__EXERCISE DATA__:
___
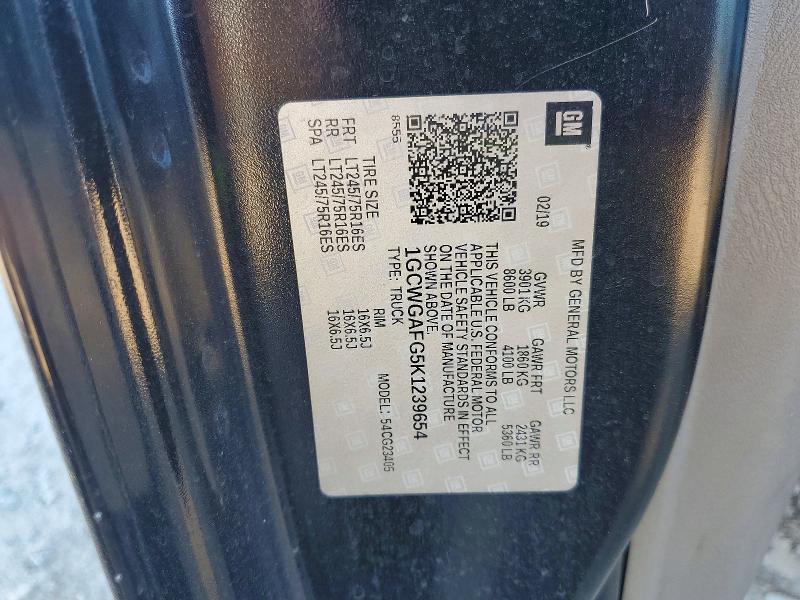 Auction sale of the 2019 Chevrolet Express G2500, vin: 1GCWGAFG5K1239654, lot number: 71434876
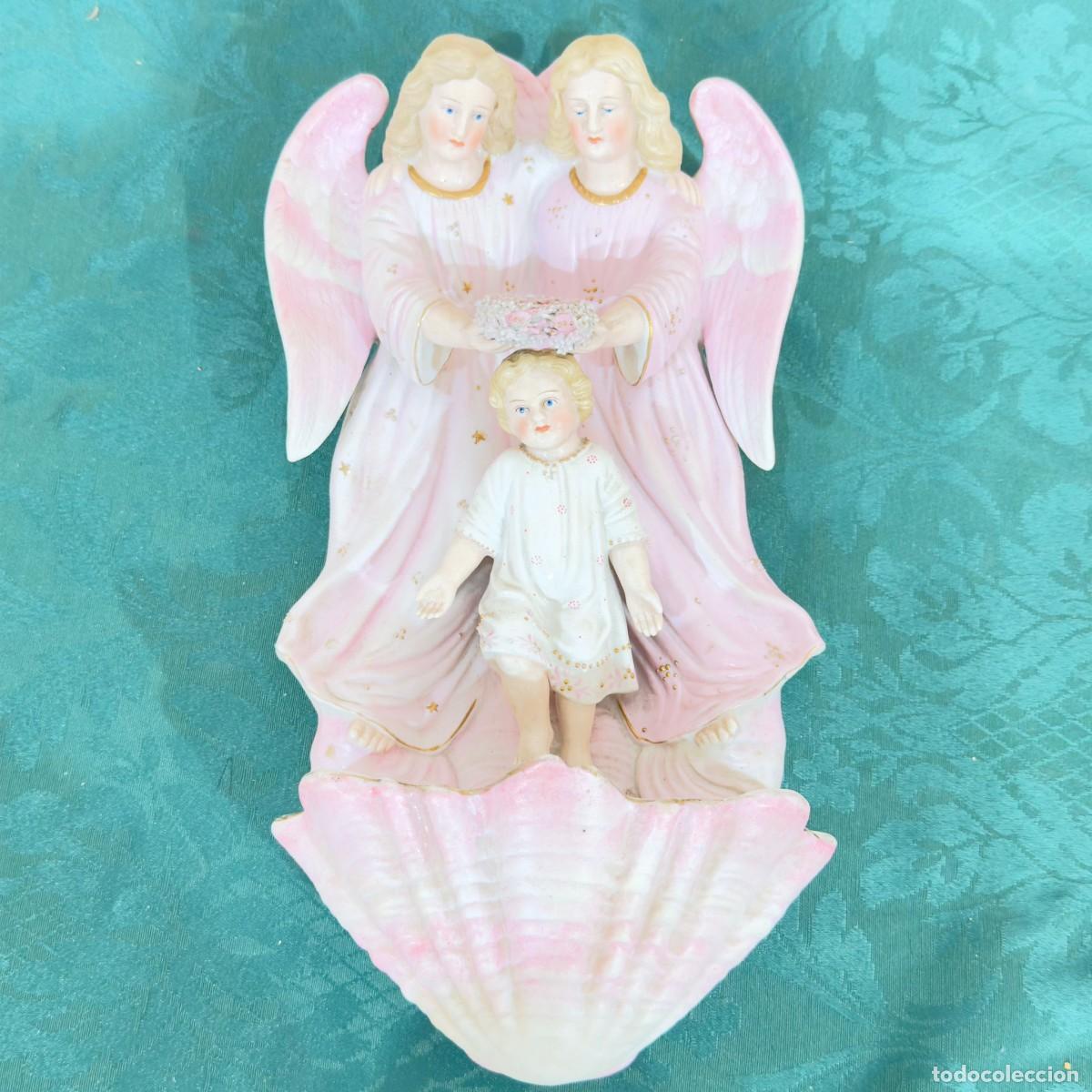 Antig&uuml;edades: Antigua pila de agua bendita francesa de porcelana bizcochada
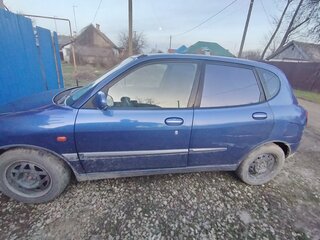 2000 Daihatsu Sirion I (M1), синий, 140000 рублей, вид 4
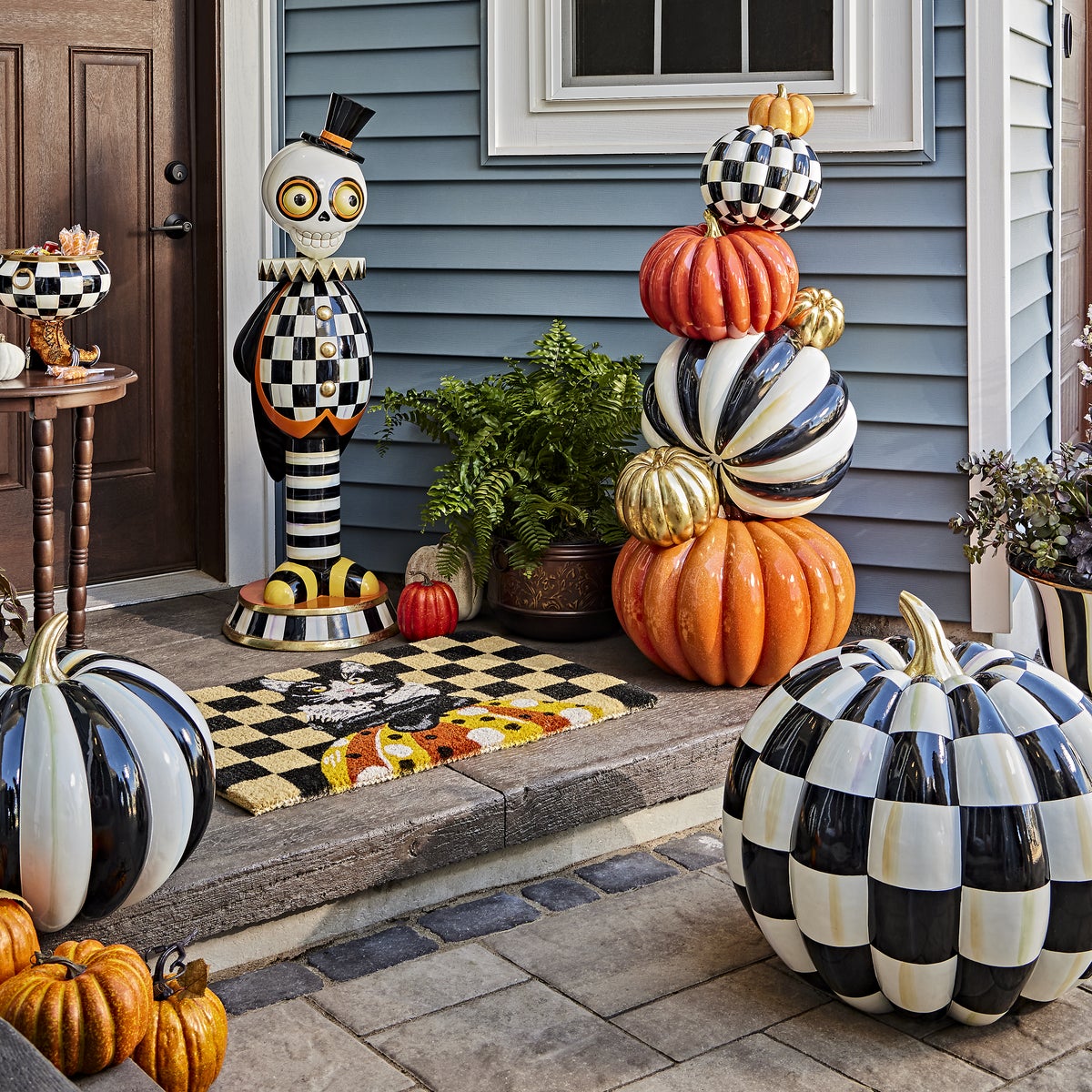 Courtly Check Outdoor Pumpkin - Image 2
___
__YOUR INSTRUCTIONS__: None of the pictures belong in the copy; repeat all other material exactly.

__SOLUTION TO THIS TASK__:
 Auction sale of the 2019 Chevrolet Express G2500, vin: 1GCWGAFG5K1239654, lot number: 71434876
 Antig&uuml;edades: Antigua pila de agua bendita francesa de porcelana bizcochada
 2000 Daihatsu Sirion I (M1), синий, 140000 рублей, вид 4
 Courtly Check Outdoor Pumpkin - Image 2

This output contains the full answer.